→ **TASK DETAILS**:
The goal is a clean copy of all the data below, with pictures dropped and everything else retyped exactly.

→ **AVAILABLE RECORDS**:
-*-*-
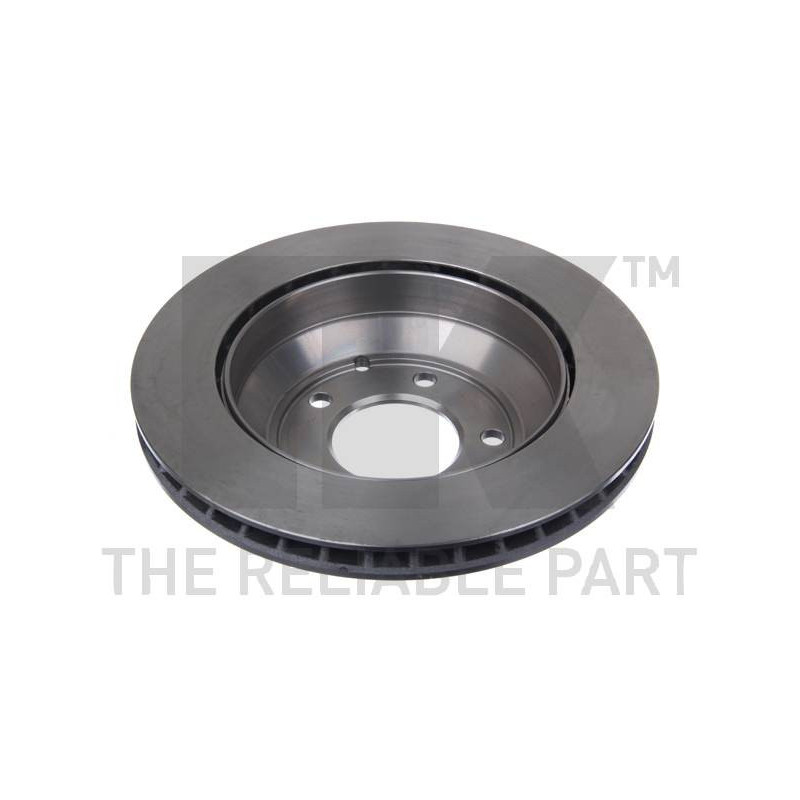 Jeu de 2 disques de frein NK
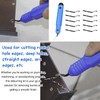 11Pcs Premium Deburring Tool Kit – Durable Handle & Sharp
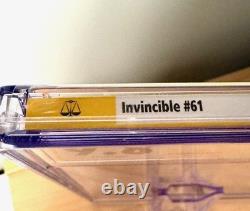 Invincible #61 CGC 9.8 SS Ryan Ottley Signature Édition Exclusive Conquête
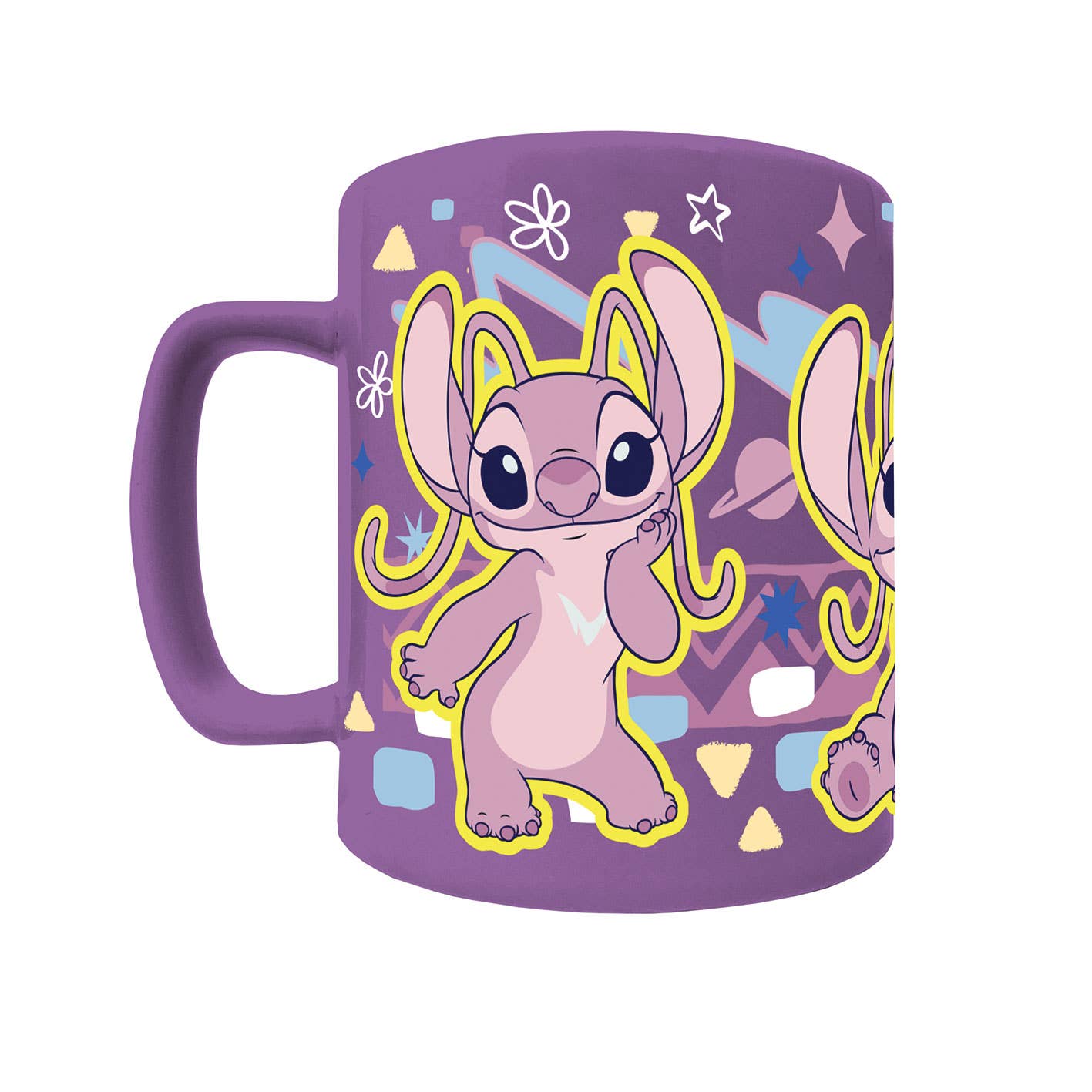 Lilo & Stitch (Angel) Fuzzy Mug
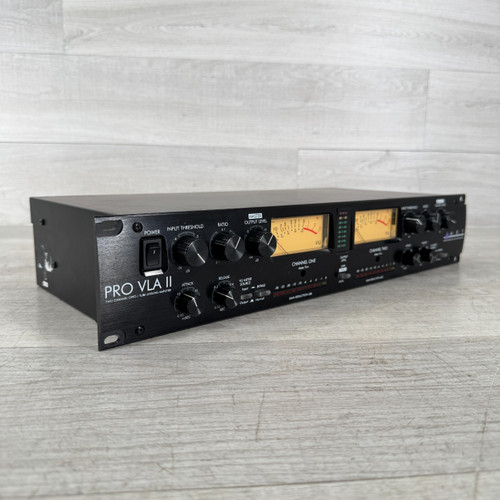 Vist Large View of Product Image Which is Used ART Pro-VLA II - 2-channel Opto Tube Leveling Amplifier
-*-*-
→ **ANSWER SPACE**:
 Jeu de 2 disques de frein NK
 11Pcs Premium Deburring Tool Kit – Durable Handle & Sharp
 Invincible #61 CGC 9.8 SS Ryan Ottley Signature Édition Exclusive Conquête
 Lilo & Stitch (Angel) Fuzzy Mug
 Vist Large View of Product Image Which is Used ART Pro-VLA II - 2-channel Opto Tube Leveling Amplifier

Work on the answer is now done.